The CB&I Technology Inc invention works as follows

Processes for producing and separating Ethane and Ethylene are disclosed herein. An oxidative coupling (OCM), product gas consisting of ethane or ethylene, is used in some embodiments to introduce a separation unit with two separators. The separation unit separates the OCM product to produce a C2-rich, methane-rich, and nitrogen-rich effluent. Some embodiments of separation are possible with minimal or no refrigeration.

Background for Process to separate hydrocarbon compounds

Technical Field

This disclosure generally refers to the selectively separating carbon compounds containing at minimum two carbon atoms from mixed gas streams provided by a chemical processing.

Description of Related Art

The modern petrochemical industry uses cracking and fractionation technology extensively to separate desired compounds from crude oil. Fractionation and cracking are very energy-intensive and produce large amounts of greenhouse gases. Refiners are under immense pressure to reduce losses and increase efficiency when producing products using existing feedstocks. They also need to find viable alternatives feedstocks that can provide affordable hydrocarbon intermediates or liquid fuels for downstream consumers.

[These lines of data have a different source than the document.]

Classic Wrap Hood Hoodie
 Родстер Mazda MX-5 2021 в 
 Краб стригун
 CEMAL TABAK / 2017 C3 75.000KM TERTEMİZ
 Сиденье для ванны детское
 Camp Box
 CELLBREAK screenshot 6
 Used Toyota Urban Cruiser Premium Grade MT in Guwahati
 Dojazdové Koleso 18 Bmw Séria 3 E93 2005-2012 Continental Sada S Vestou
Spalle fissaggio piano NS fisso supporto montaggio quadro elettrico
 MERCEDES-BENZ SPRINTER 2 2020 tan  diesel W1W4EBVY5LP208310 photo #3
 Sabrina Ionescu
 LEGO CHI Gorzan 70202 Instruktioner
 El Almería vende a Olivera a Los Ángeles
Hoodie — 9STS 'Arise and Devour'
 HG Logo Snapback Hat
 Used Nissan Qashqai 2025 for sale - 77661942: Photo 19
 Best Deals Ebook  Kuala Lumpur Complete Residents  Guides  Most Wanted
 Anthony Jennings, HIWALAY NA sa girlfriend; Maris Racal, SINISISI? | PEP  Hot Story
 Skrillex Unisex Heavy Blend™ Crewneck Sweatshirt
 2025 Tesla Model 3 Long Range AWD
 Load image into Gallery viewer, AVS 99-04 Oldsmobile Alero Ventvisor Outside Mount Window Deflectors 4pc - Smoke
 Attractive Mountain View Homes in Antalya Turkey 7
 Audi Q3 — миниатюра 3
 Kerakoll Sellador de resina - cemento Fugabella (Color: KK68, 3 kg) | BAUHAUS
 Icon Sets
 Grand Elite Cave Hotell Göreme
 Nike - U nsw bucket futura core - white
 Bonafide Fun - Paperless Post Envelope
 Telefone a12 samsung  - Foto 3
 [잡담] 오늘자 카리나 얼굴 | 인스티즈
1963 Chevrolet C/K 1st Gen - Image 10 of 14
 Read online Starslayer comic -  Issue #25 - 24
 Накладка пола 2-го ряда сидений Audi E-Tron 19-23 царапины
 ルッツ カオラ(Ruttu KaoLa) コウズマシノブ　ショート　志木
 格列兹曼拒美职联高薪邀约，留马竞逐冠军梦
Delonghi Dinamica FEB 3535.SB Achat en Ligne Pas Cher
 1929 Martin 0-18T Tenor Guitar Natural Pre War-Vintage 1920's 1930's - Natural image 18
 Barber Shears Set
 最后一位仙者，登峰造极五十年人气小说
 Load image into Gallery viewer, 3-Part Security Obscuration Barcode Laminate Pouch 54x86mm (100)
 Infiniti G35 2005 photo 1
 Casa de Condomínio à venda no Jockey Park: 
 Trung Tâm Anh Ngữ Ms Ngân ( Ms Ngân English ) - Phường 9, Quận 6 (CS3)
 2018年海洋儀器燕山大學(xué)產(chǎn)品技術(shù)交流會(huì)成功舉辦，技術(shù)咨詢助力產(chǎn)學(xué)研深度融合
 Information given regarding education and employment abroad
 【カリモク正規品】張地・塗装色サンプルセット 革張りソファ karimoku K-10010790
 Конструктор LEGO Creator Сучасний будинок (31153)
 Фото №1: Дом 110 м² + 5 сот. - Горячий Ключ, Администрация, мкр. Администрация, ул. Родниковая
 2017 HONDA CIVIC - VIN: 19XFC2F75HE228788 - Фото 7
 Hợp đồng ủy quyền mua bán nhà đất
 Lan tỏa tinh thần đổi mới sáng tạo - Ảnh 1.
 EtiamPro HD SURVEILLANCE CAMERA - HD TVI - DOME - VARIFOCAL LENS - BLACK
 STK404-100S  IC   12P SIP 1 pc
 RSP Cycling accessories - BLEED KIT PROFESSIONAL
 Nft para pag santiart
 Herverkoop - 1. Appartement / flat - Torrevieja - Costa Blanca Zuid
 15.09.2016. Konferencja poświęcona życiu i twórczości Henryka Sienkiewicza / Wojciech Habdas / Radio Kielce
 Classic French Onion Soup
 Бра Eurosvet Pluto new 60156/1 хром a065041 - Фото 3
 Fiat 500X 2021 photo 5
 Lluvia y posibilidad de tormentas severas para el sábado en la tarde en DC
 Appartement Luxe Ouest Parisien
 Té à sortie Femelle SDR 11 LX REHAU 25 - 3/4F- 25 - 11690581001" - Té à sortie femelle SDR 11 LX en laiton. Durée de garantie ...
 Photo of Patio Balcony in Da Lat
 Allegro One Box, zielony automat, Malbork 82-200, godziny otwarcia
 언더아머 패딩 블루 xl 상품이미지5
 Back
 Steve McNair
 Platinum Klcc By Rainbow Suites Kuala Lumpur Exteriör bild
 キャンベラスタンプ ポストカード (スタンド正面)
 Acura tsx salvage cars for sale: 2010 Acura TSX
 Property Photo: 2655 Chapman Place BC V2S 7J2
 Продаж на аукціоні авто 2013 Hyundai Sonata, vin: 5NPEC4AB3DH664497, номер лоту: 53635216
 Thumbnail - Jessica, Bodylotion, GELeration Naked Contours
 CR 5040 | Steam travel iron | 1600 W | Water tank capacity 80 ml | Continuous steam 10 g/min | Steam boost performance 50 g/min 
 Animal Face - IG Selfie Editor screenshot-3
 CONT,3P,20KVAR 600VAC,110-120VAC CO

Because of its availability and low cost, methane is an attractive feedstock for hydrocarbon intermediates or liquid fuels production. At current consumption rates, methane reserves worldwide are in the hundreds. New production stimulation technologies promise commercial viability for previously unattractive methane resources.

It is used in the production polyethylene plastics and polyvinyl chloride. The demand for ethylene and its derivatives is increasing with economic growth in both developed and developing countries. Due to the high price of crude oil and the many hydrocarbon byproducts produced in crude oil cracking, ethylene production is restricted to low volume production in high-volume commodity chemical plants. The production of ethylene from natural gas is a more affordable and abundant alternative to crude oil ethylene. Oligomerization can further convert ethylene to longer chain hydrocarbons like C6 or C8 that are useful for high-value specialty chemicals and polymer gasoline.

The conversion from methane to long chain hydrocarbons, especially alkenes like ethylene, creates a product gas that contains multiple byproducts, unreacted fuel gases, and inert component in addition to the ethylene. It is possible to economically and selectively produce methane-based alkenes and to separate them on a commercially feasible scale. This opens up a new avenue for the production of ethylene-based derivatives.

The present disclosure, as noted above, is directed at methods for generating C2 carbon compounds via OCM. These steps can be summarized as follows:

a) Combining a feedstock gas consisting of methane with an oxygen-containing gas comprising oxygen;

(b) Contacting the combined feedstock and oxygen containing gases with a catalyst, and providing an OCM product gaz consisting of ethane (C2);

(c) Compressing the OCM product gaz;

(d) Condensing at most a portion the OCM Product Gas to produce an OCM Product Gas Condensate consisting mostly of water.

(e), introducing OCM product gas condensate as a first separator.

(f), isentropically expanding, reducing the temperature a first part of the OCM product gaz;

(g) Introducing the first OCM product gaz to the first separator, and introducing the second OCM product gaz to a separate separator. The second separator operates at a lower temperature and pressure than the first separator.

(h) Removing a C2-rich effluent, and a methane/nitrogen-containing gas mixture from first separator;

(i) Inserting the methane/nitrogen-containing gas mixture to a second separator; and

(j) Removing a methane rich effluent and an nitrogen-rich effluent of the second separator.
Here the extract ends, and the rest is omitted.